Friday, 21 September 2012

Essar Ports refinances its subsidiary through IIFCL

Utilizing a finance scheme of India Infrastructure Finance Company Limited (IIFCL), Essar Ports said it has refinanced its subsidiary, Essar Bulk Terminal Limited, to the tune of INR 405 crore. IIFCL, a government initiative, particularly formed to develop the infrastructure, is, as its vision statement says, to “provide innovative financing solutions to promote and develop world class infrastructure in India”. Essar Ports has availed itself of the scheme called the take-out finance scheme by which the ports major can reduce the debt burden by two-and –half percent on INR 405 crore; it is just a part of the debt incurred for building its 30 million tonnes capacity bulk terminal at Hazira in Gujarat. Take-out finance, a government-backed scheme, is handled by IIFCL and an infrastructure project on being commissioned can get finance from IIFCL to replace its costly domestic rupee debt, thus reducing its interest burden.

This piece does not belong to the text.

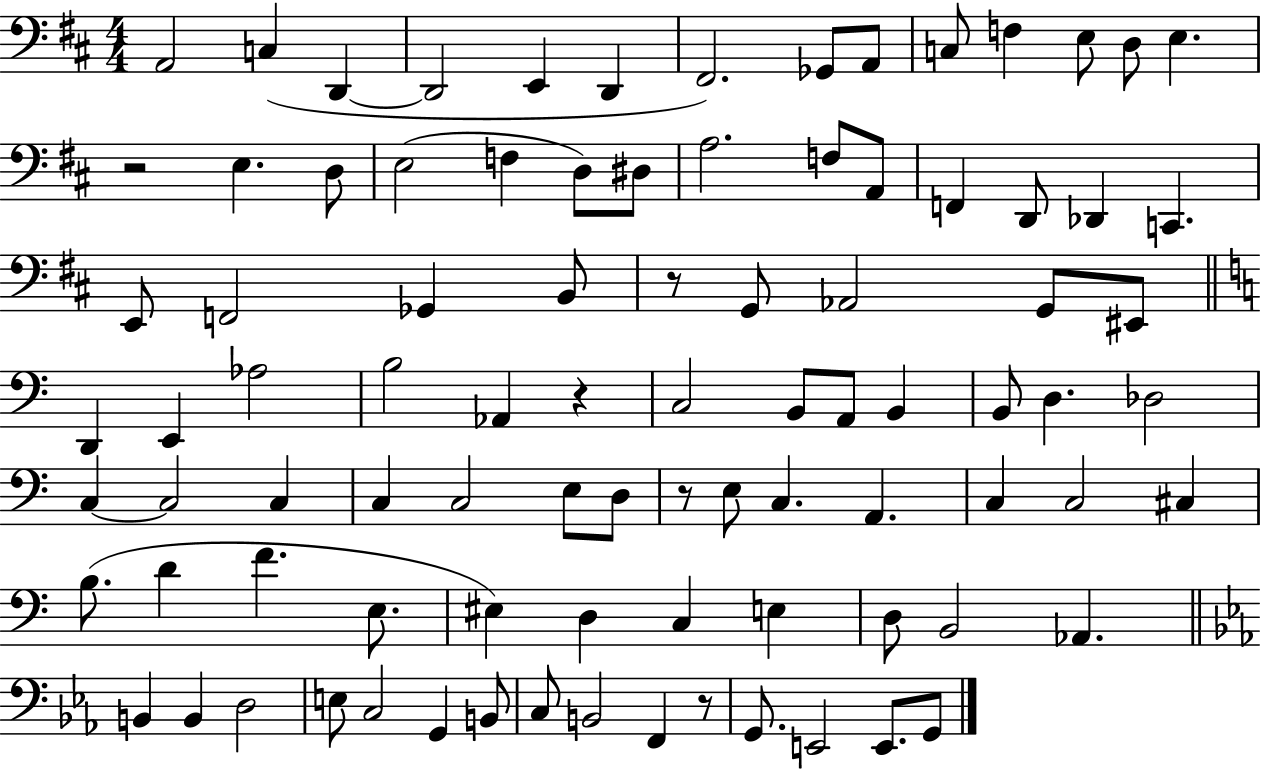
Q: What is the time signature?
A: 4/4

Mr.Shailesh Sawa, Director, Finance, Essar Ports said in a statement: “As part of our constant endeavour to reduce the cost of debt, we have availed the Government initiated scheme of take-out finance. This will reduce our cost of debt and we will undertake more such initiatives to deliver better returns to our stakeholders”. In keeping with the company’s policy of reducing the cost of the interest, earlier, it entered into an alliance with the Port of Antwerp, getting an equity infusion of INR 175 crore. The proceeds from this transaction were utilized to reduce the company’s debt.